=== Section Start ===

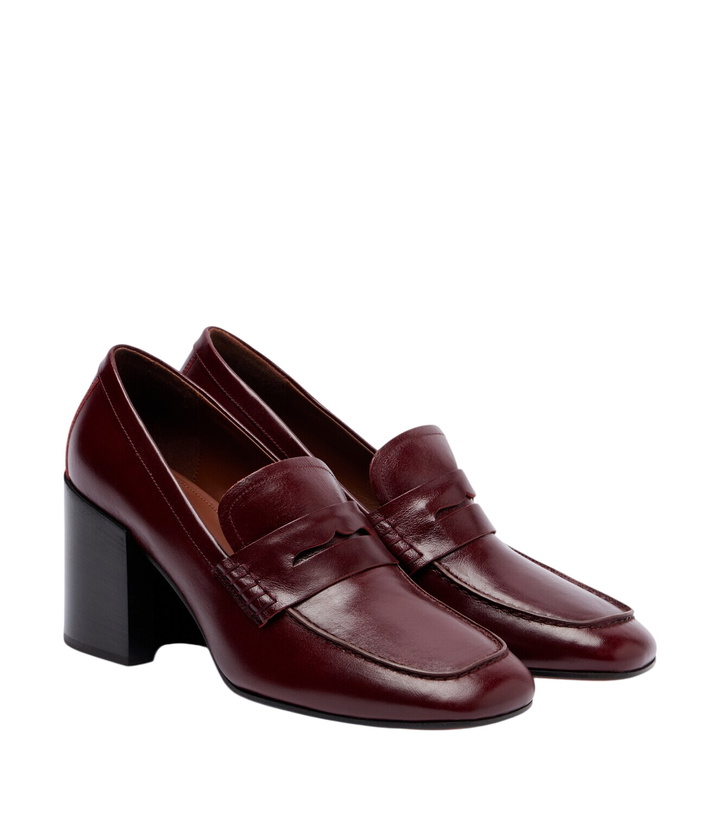 Photo: Dries Van Noten Leather penny loafers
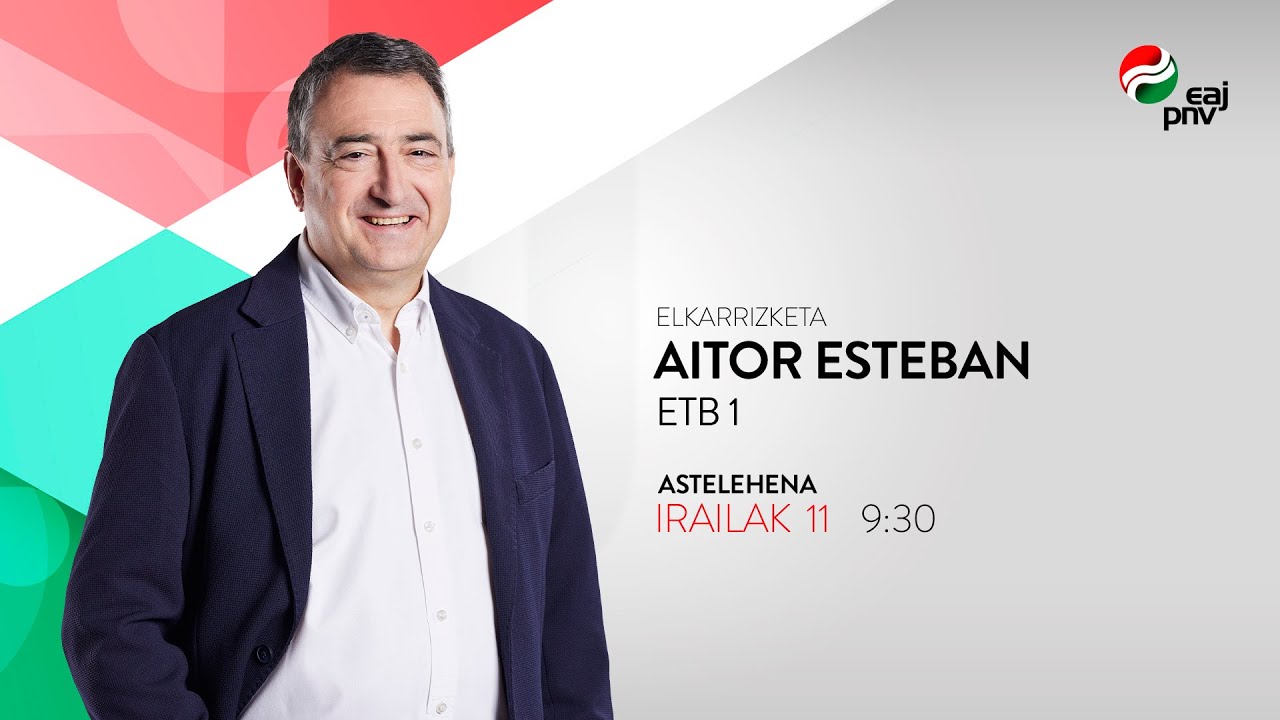 Aitor Esteban - Elkarrizketa -  ETB1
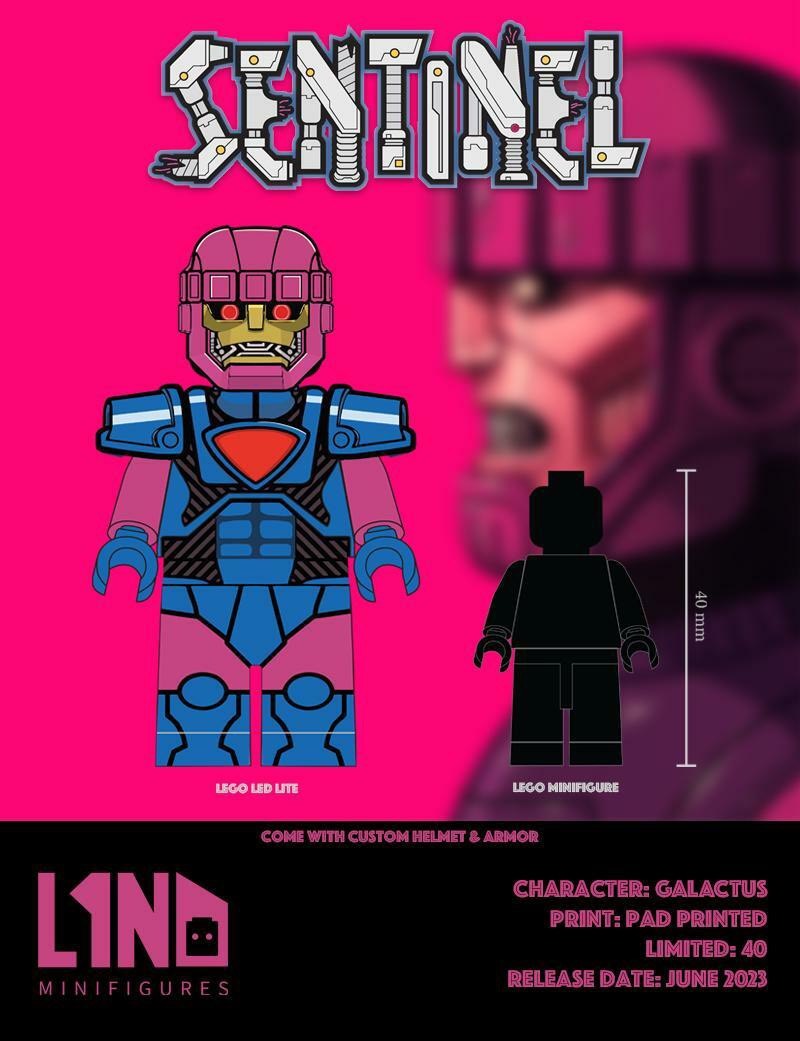 【L1N6】X‑Men SENTINEL X 戰警 哨兵 X-맨 센티넬【custom minifigures】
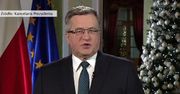 Orędzie prezydenta Bronisława Komorowskiego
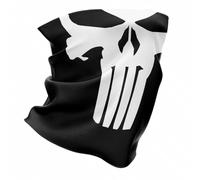 CUSTOMprivé Men's Neck Gaiter Bandana Motorcycle Punisher Skull Multifunctional Microfibre Breathable Through Mask No Matter Your Activity, black/white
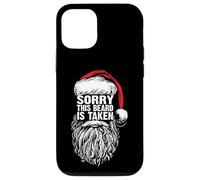 Sorry This Beard is Taken Cool Christmas Santa Claus Graphic Coque pour iPhone 12/12 Pro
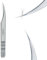 Natuhana Pince Extension Cils Volume Russe Professionnel en Acier Inoxydable Précis Droit et Courbé Nipper Pinces à Faux Cils Argenté (A-02)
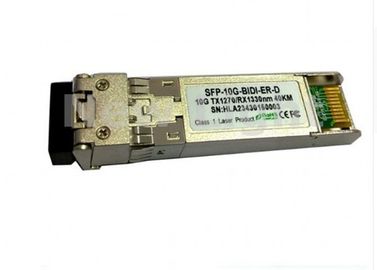 Bộ thu phát quang học 10Gb / S / SFP + Bộ thu tín hiệu hai chiều 40km với đầu nối LC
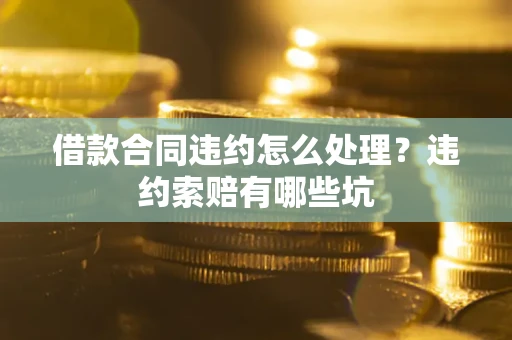 武汉借款合同违约怎么处理？违约索赔有哪些坑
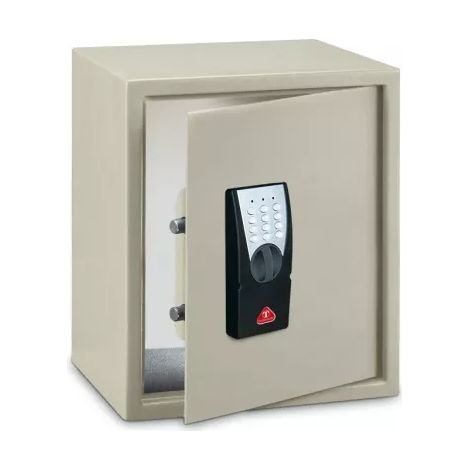 TECHNOSAFE - Coffret de sécurité à fixer à combinaison électronique digitale, 2 pênes, 25 L, 40x35x25 cm (1/5)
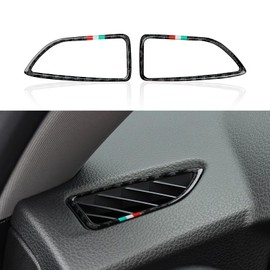 Car Vent AC Trim Decal Carbon Fiber Sticker fits for Alfa Romeo Giulia Stelvio 2016 2017 2018 2019 2020 2021 2022 2023 2024 Interior Accessories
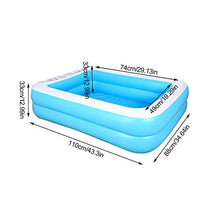 Load image into Gallery viewer, Viugreum Inflatable Swimming Pool, Family Kiddie Swimming Pool, 43.30&#39;&#39; x 34.64&#39;&#39; x 12.99&#39;&#39; Outdoor Swimming Pool for Lounging Outdoors, Garden, Backyard, Suitable for Adults, Kids, Toddlers
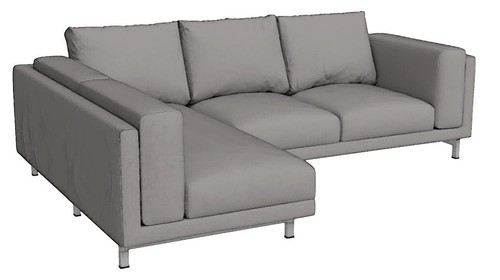 Nockeby sofa cover - sofa, with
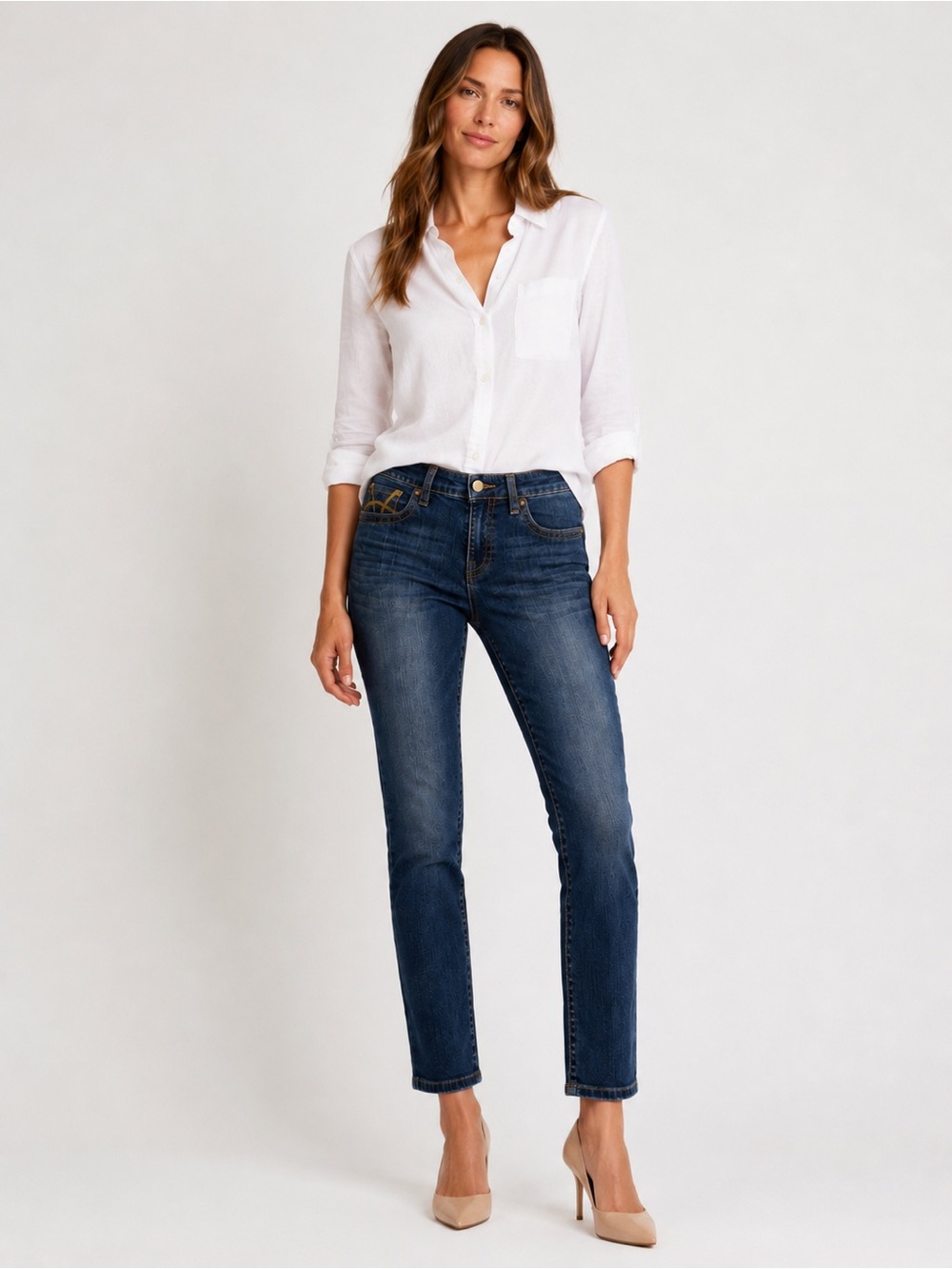 KUT from the Kloth Stevie Straight Leg Ankle Jeans Size 4 Blue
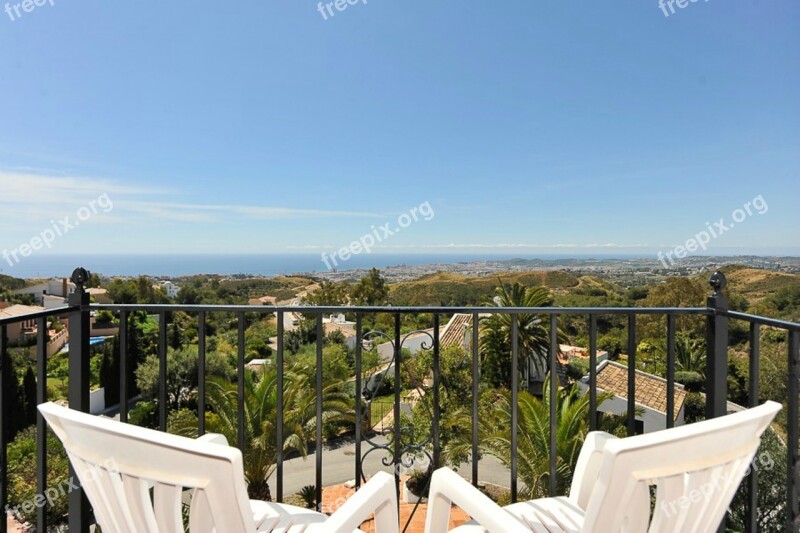 Costa Del Sol Views Balcony Chairs Holiday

=== Section End ===

Pictures stay out, but everything else in the records must be output exactly.

• [ANSWER]
 Photo: Dries Van Noten Leather penny loafers
 Aitor Esteban - Elkarrizketa -  ETB1
 【L1N6】X‑Men SENTINEL X 戰警 哨兵 X-맨 센티넬【custom minifigures】
 Orędzie prezydenta Bronisława Komorowskiego
 CUSTOMprivé Men's Neck Gaiter Bandana Motorcycle Punisher Skull Multifunctional Microfibre Breathable Through Mask No Matter Your Activity, black/white
 Sorry This Beard is Taken Cool Christmas Santa Claus Graphic Coque pour iPhone 12/12 Pro
 Natuhana Pince Extension Cils Volume Russe Professionnel en Acier Inoxydable Précis Droit et Courbé Nipper Pinces à Faux Cils Argenté (A-02)
 Bộ thu phát quang học 10Gb / S / SFP + Bộ thu tín hiệu hai chiều 40km với đầu nối LC
 武汉借款合同违约怎么处理？违约索赔有哪些坑
 TECHNOSAFE - Coffret de sécurité à fixer à combinaison électronique digitale, 2 pênes, 25 L, 40x35x25 cm (1/5)
 Car Vent AC Trim Decal Carbon Fiber Sticker fits for Alfa Romeo Giulia Stelvio 2016 2017 2018 2019 2020 2021 2022 2023 2024 Interior Accessories
 Load image into Gallery viewer, Viugreum Inflatable Swimming Pool, Family Kiddie Swimming Pool, 43.30&#39;&#39; x 34.64&#39;&#39; x 12.99&#39;&#39; Outdoor Swimming Pool for Lounging Outdoors, Garden, Backyard, Suitable for Adults, Kids, Toddlers
 Nockeby sofa cover - sofa, with
 KUT from the Kloth Stevie Straight Leg Ankle Jeans Size 4 Blue
 Costa Del Sol Views Balcony Chairs Holiday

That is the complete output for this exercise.